Sa candidature ne fait pas l’unanimité au sein de la famille Kennedy, majoritairement pro-Biden. Le 17 mars, une cinquantaine de membres de la famille étaient invités à la Maison-Blanche. Un mois plus tard, ils affichaient leur soutien à Joe Biden lors d’un rassemblement à Philadelphie. RFK Jr. relativise : « Ma mère Ethel est avec moi. Nous sommes 105 cousins, au dernier pointage. Il y a forcément des désaccords. Cinq membres de ma famille ont un poste dans l’administration Biden, mais beaucoup d’autres me soutiennent, comme Anthony Shriver ou mon fils Conor, qui a combattu en Ukraine dans la Légion étrangère internationale. »
Interrogé sur le risque de nuire à Joe Biden, il rit : « Tous les sondages montrent que j’empiète davantage sur l’électorat de Trump, qui essaie de m’exclure du scrutin. » En effet, plusieurs polémiques récentes ont éclaté. Le New York Times a révélé qu’en 2012, RFK Jr. avait déclaré qu’un ver avait dévoré une partie de son cerveau, provoquant des troubles de la mémoire. Il ne dément pas, mais précise que tout va bien. L’affaire n’entame pas sa popularité, mais elle alimente les moqueries.

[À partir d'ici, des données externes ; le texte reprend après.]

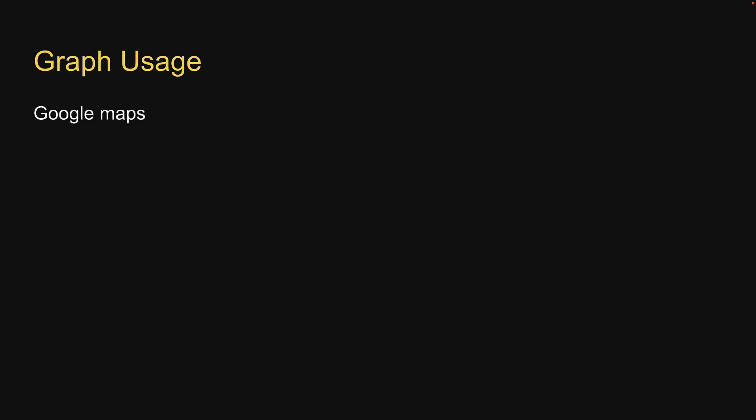Graphs find usage in a number of real-world applications. Popular ones include Google Maps where cities are represented as vertices and roads as edges to help build a navigation system. In social media sites, users are considered as vertices and edges are the links between connections. Facebook, Instagram, LinkedIn all use graph data structures to show mutual connections, post suggestions, and other recommendations.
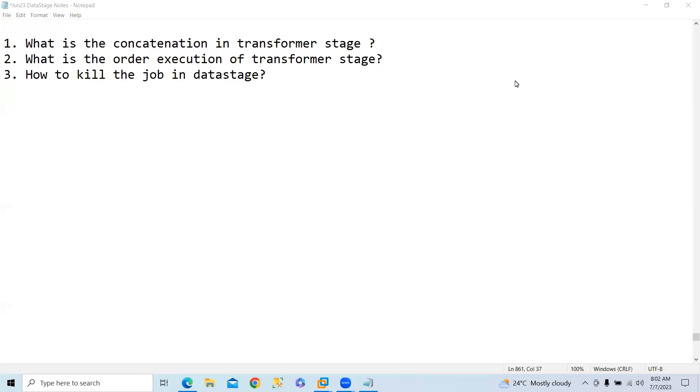Okay, so now we will discuss three interview questions. What is the concatenation in transformer stage? Why we use concatenation? The question is why we use concatenation.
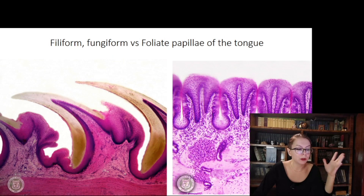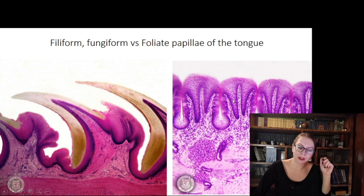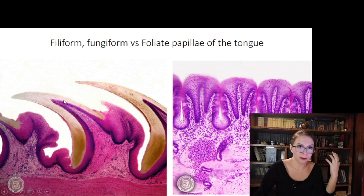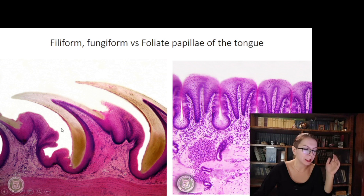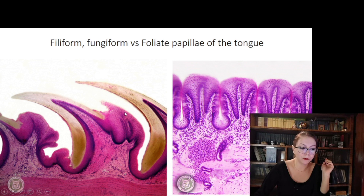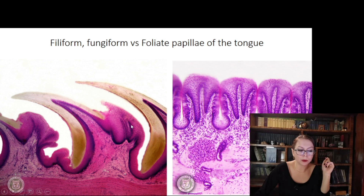Now we are talking about the tongue and comparing filiform, fungiform, and foliate papillae. There is no problem distinguishing filiform from foliate, but there can be difficulty distinguishing foliate from fungiform. Filiform papillae are well developed and bent backwards — as in a cat's tongue used for grooming. Keratinized epithelium is present in filiform papillae, while in fungiform papillae the epithelium is not keratinized. Also, taste buds are absent in filiform papillae but very well distinguishable in the foliate papillae.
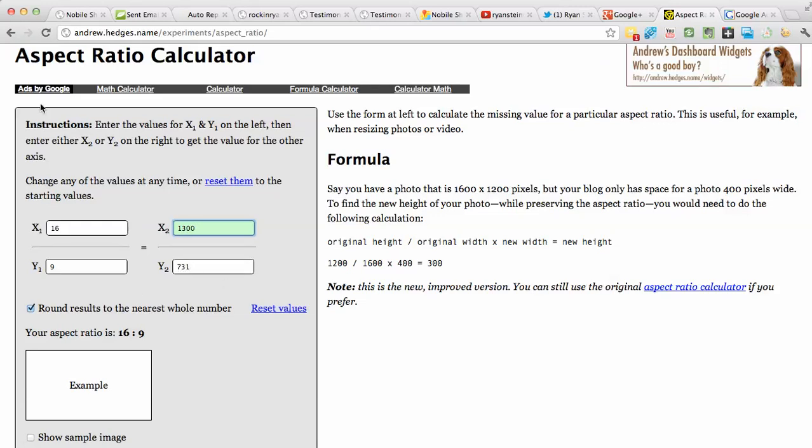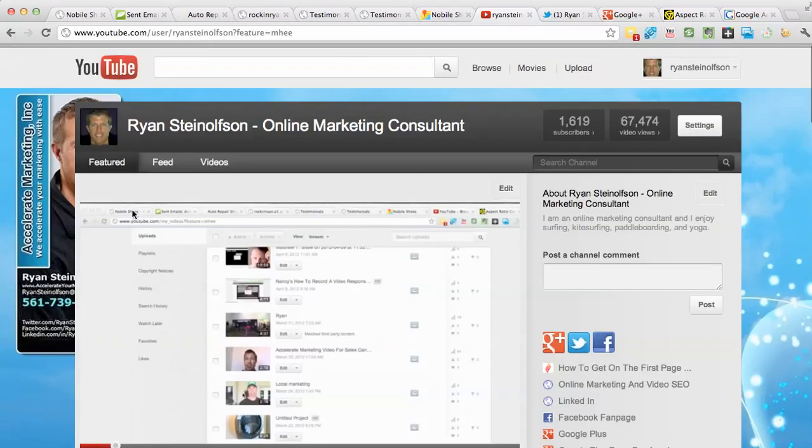So when you drag the crosshairs across your video to determine the area that you want to capture for your screencast, you'll know exactly what to make that area in order for that video that you're taking to take up the entire screen here.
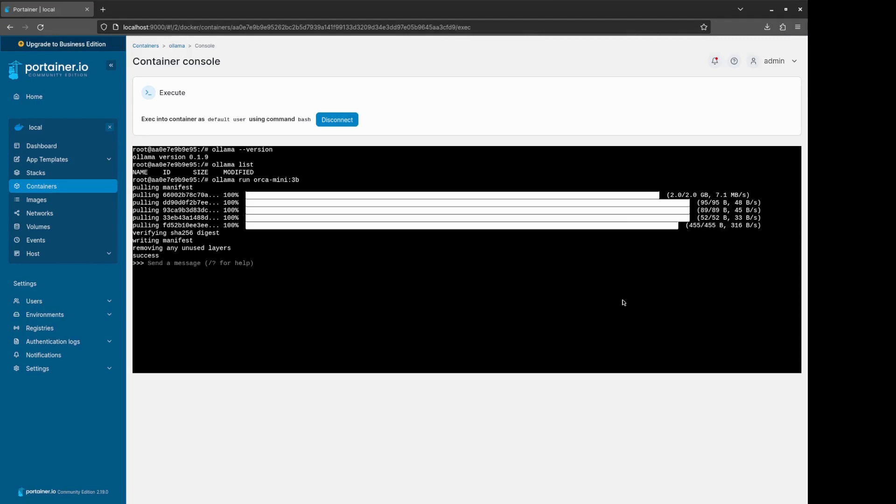Now this is one way to interact with the models through the Docker container terminal. Let's make the Orca model some question. And this is it. Here we have the Orca model replying to us.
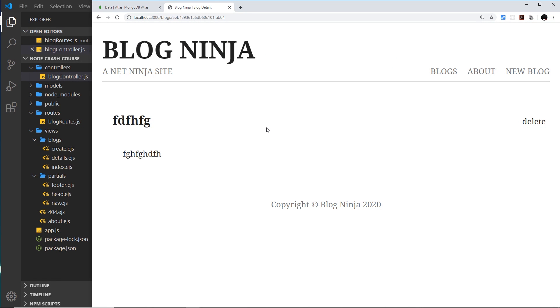Alright then gang, so that is pretty much it. We have completed our project using Node and Express and MongoDB. Now there are just two very small things I want to do to finish this off.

Aujourd’hui, RFK Jr. est assuré de figurer sur les listes électorales de certains États clés, comme le Michigan. Les sondages lui accordent entre 15 % et 20 % des voix. Nul ne le voit élu à la Maison-Blanche, mais il est devenu plus qu’un moustique pour Trump et Biden : un rival de trop. Son parcours atypique, entre héritage politique, addiction surmontée, engagement écologique et positions controversées, en fait l’une des figures les plus fascinantes de cette campagne. Reste à voir s’il parviendra à dépasser le stade de l’outsider pour peser réellement sur l’issue du scrutin.